Top of Provided material

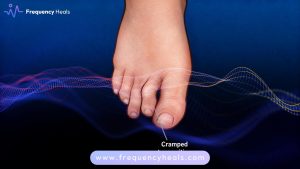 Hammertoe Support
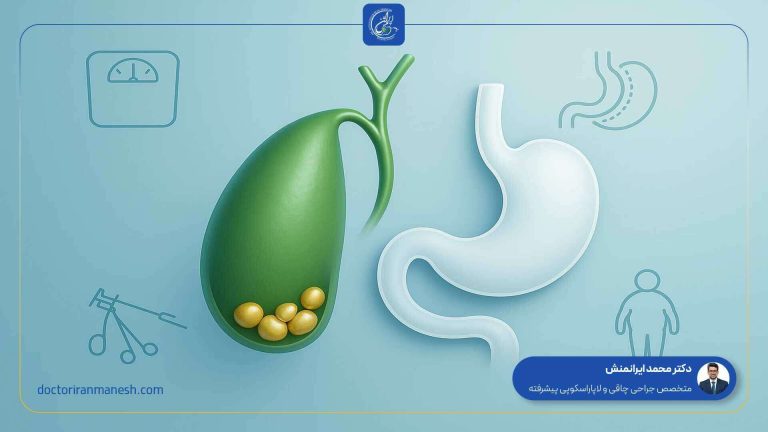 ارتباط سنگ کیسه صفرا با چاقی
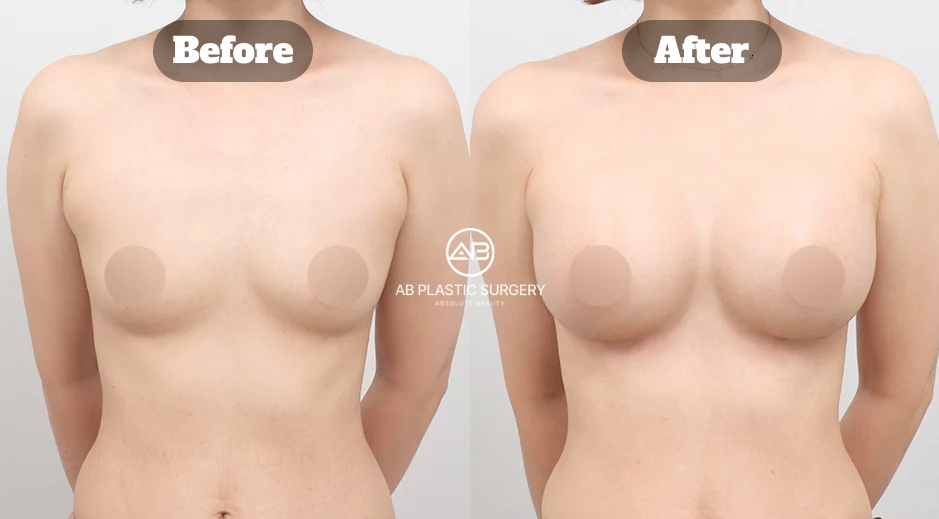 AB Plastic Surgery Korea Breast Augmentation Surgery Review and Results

Bottom of Provided material

Aim of the exercise » Return all the lines above exactly; none of the pictures should appear.

Result of the exercise »
 Hammertoe Support
 ارتباط سنگ کیسه صفرا با چاقی
 AB Plastic Surgery Korea Breast Augmentation Surgery Review and Results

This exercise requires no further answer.